The action comes on the heels of guidance issued by the OCC offering national banks advice on third-party risk management (click here to view our previous newsletter).
Las Vegas-based BServ and New Jersey’s FUNDtech Corporation both offer technology services for financial institutions. But the FDIC and OCC determined that the agencies “had reason to believe [the companies] engaged in unsafe or unsound banking practices in the performance of the services that [were provided] to insured depositor institutions.”
The consent order listed six examples of how BServ and FUNDtech did so:
- “Operating without an internal auditor or an integrated risk-focused audit program, with no effective process to ensure that all high-risk areas [were] audited;
- Operating without a comprehensive due diligence program or formalized policies and procedures to monitor, measure, and evaluate vendor risk or determine which vendors [had] access to non-public customer information;
- Operating without an enterprise-wide risk assessment to determine related risks and vulnerabilities of assets throughout the company;
- Operating without effective business continuity or disaster recovery planning;
- Operating without effective patch management procedures to identify and address software vulnerabilities; and
- Operating without an effective log review program to detect, identify, and act on potential threats in a timely manner.”

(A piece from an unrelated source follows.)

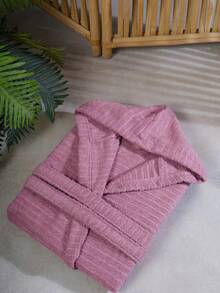100% Cotton Unisex Bathrobe – Soft, Breathable Fabric With Comfortable Fit In S-M-L-XL Sizes MADE IN TURKEY - Rusty Rose - View 6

Pursuant to the order, the vendors are required to increase the participation of their boards to take on full responsibility for establishing policies and supervising the companies’ activities. New management must be hired (including an independent Internal Auditor and a senior Vendor Management Coordinator) and new programs and procedures put in place, from audit and vendor management programs to a full information security risk assessment.
BServ and FUNDtech also promised to provide progress reports to client banks and the agencies on a quarterly basis.
To read the consent decree in In the Matter of FUNDtech Corp., click here.
Why it matters: The agencies’ action and consent order reinforces the message that regulators are keeping an eye on financial institutions’ third-party relationships. Entities would be well advised to review and take into account the OCC’s guidance so as to ensure compliance.